Michela Taufer presents: Scientific Applications and Heterogeneous Architectures

Print Friendly, PDF & Email

Michela Taufer

In this video from ATPESC 2019, Michela Taufer from UT Knoxville presents: Scientific Applications and Heterogeneous Architectures.

This talk discusses two emerging trends in computing (i.e., the convergence of data generation and analytics, and the emergence of edge computing) and how these trends can impact heterogeneous applications. Next-generation supercomputers, with their extremely heterogeneous resources and dramatically higher performance than current systems, will generate more data than we need or, even, can handle. At the same time, more and more data is generated at the “edge,” requiring computing and storage to move closer and closer to data sources. The coordination of data generation and analysis across the spectrum of heterogonous systems including supercomputers, cloud computing, and edge computing adds additional layers of heterogeneity to applications’ workflows. More importantly, the coordination can neither rely on manual, centralized approaches as it is predominately done today in HPC nor exclusively be delegated to be just a problem for commercial Clouds. This talk presents case studies of heterogenous applications in precision medicine and precision farming that expand scientist workflows beyond the supercomputing center and shed our reliance on large-scale simulations exclusively, for the sake of scientific discovery.

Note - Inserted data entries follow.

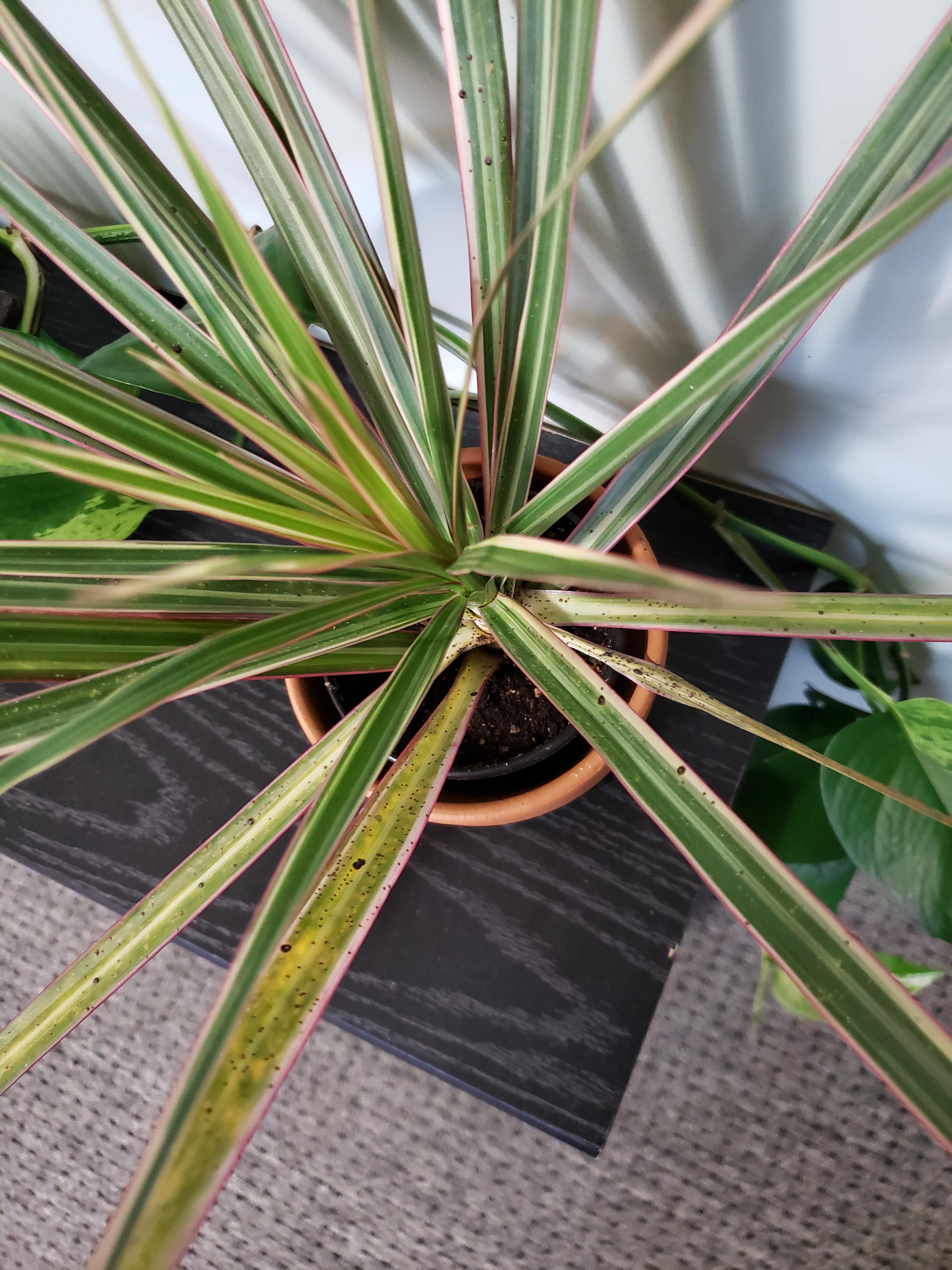 Any idea what these spots are on my Dracaena? Also some of the leaves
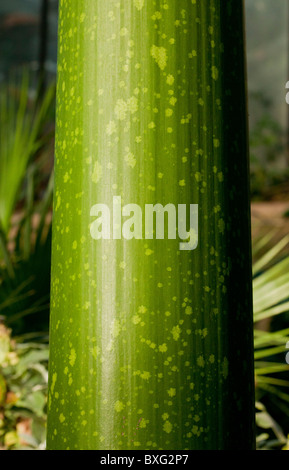 L'Arum Titan, Amorphophallus titanum, tige ; très forte odeur de fleur. Sumatra. Banque D'Images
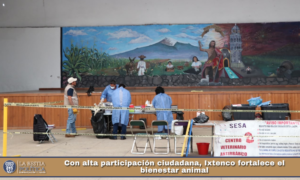 Con alta participación ciudadana, Ixtenco fortalece el bienestar animal.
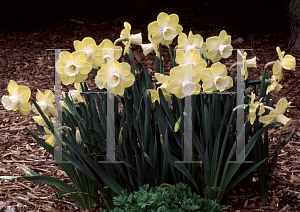 Picture of Narcissus  'Avalon'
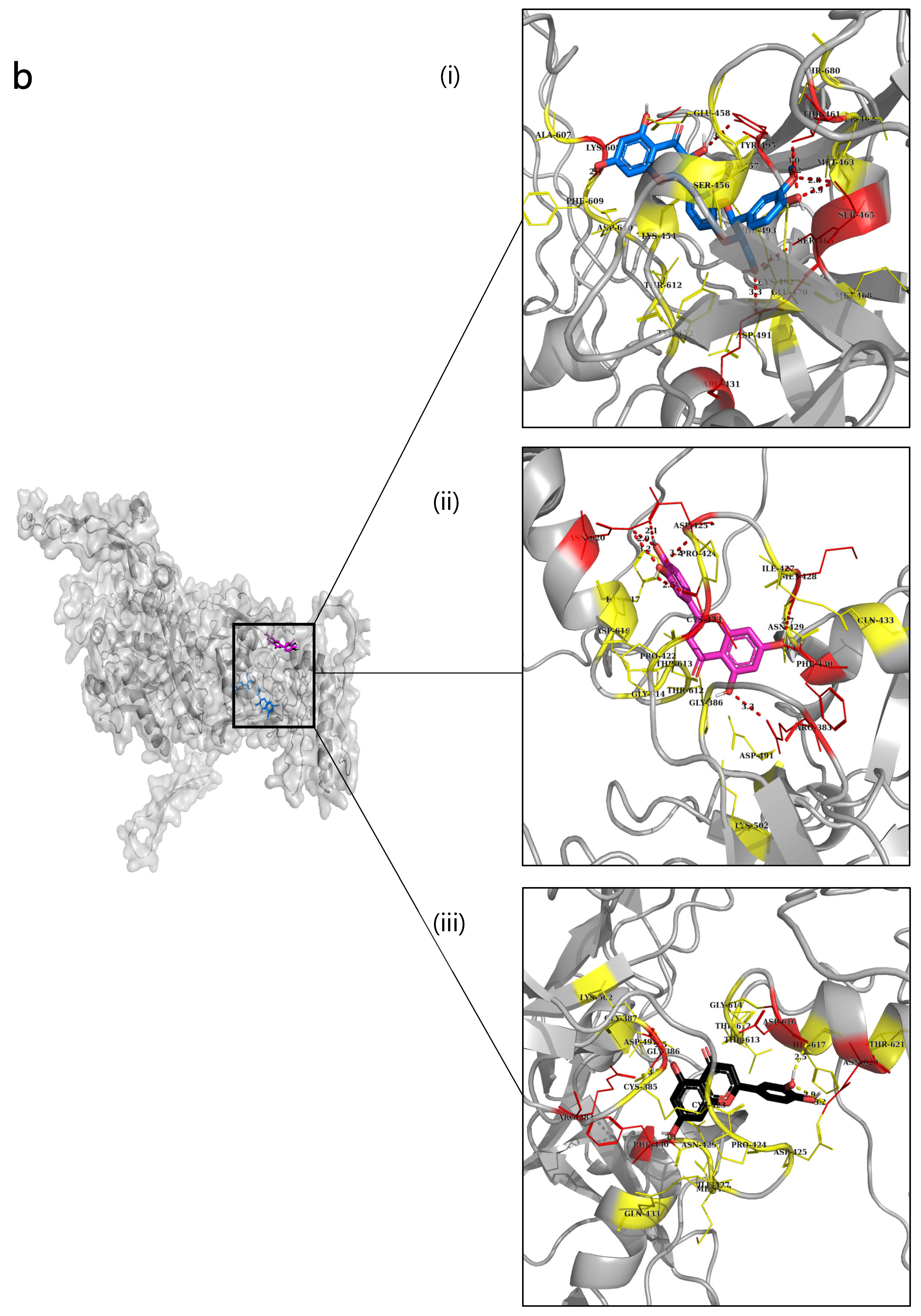Ijms 24 08972 g003b Ijms 24 08972 g003b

Michela Taufer is an ACM Distinguished Scientist. She was a J.P. Morgan Chase Scholar at the University of Delaware where she led the Global Computing Lab to promote the use of high performance computing to advance sciences. Michela Taufer joined the University of Delaware in 2007 where she was promoted to associate professor with tenure in 2012 and full professor in 2017. She earned her MS in Computer Engineering from the University of Padova and her Ph.D. in Computer Science from the Swiss Federal Institute of Technology (ETH). She was a post-doctoral research supported by the La Jolla Interfaces in Science Training Program (also called LJIS) at UC San Diego and The Scripps Research Institute. Before she joined the University of Delaware, Michela was faculty in Computer Science at the University of Texas at El Paso.

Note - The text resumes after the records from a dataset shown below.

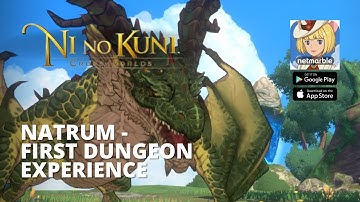 Natrum - First Dimensional Border / Dungeon Experience - Ni no Kuni: Cross Worlds
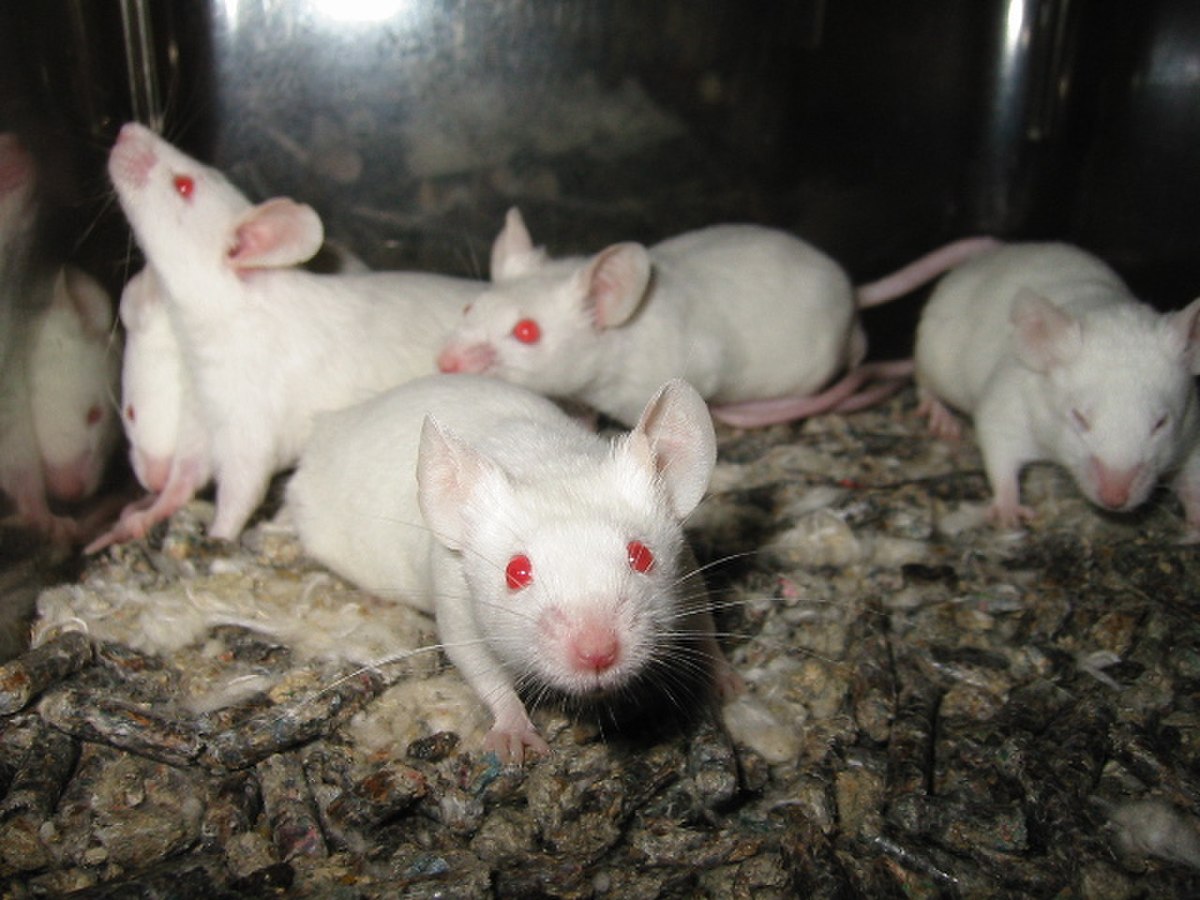 Several laboratory mice with white fur and red eyes are shown in an enclosure with bedding material. These mice are widely used in medical research as model organisms.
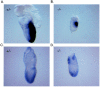 FIG. 6.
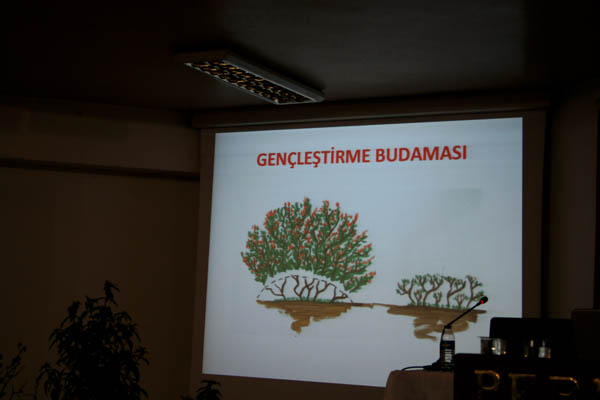 Name:  IMG_9154.jpg
Views: 622
Size:  40.3 KB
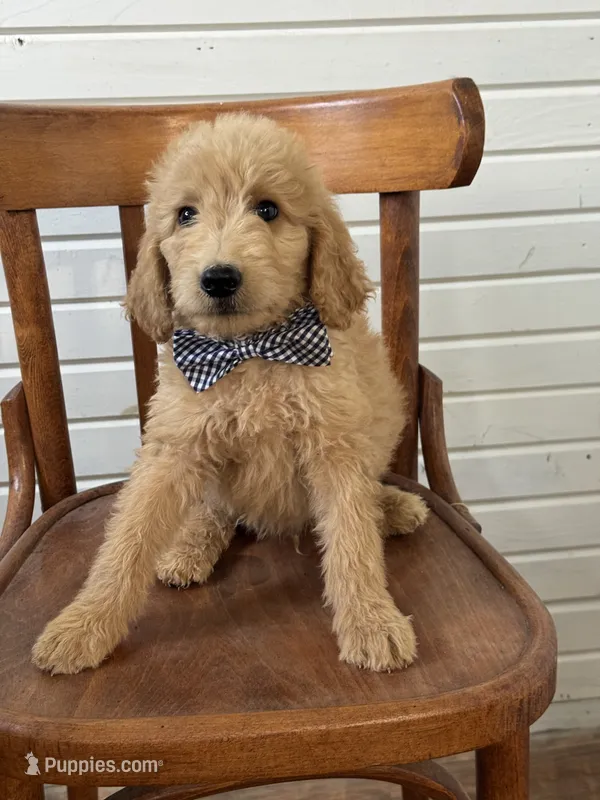 Albert 9959 – Goldendoodle puppy for sale in Cabool, MO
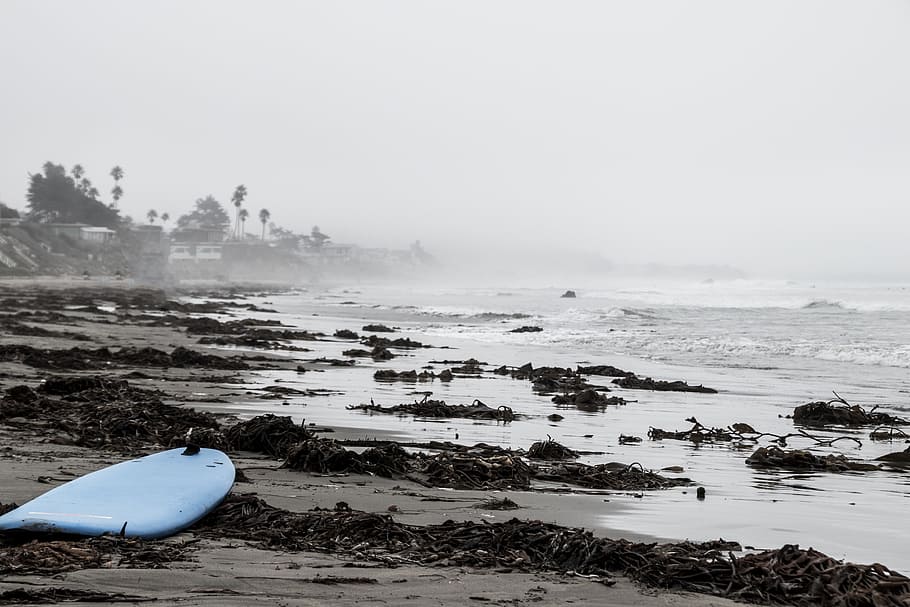 azul, tabla de surf, arena, orilla del mar, estados unidos, playa, wakeboard, surf, solo, soledad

Michela has a long history of interdisciplinary work with high-profile computational biophysics groups in several research and academic institutions. Her research interests include software applications and their advance programmability in heterogeneous computing (i.e., multi-core platforms and GPUs); cloud computing and volunteer computing; and performance analysis, modeling and optimization of multi-scale applications. She has been serving as the principal investigator of several NSF collaborative projects. She also has significant experience in mentoring a diverse population of students on interdisciplinary research. Michela’s training expertise includes efforts to spread high-performance computing participation in undergraduate education and research as well as efforts to increase the interest and participation of diverse populations in interdisciplinary studies.

Michela has served on numerous IEEE program committees (SC and IPDPS among others) and has reviewed for most of the leading journals in parallel computing. She served as the IEEE Cluster 2015 General co-Chair and the IEEE IPDPS 2017 General Chair. She is the ACM/IEEE SC19 General Chair.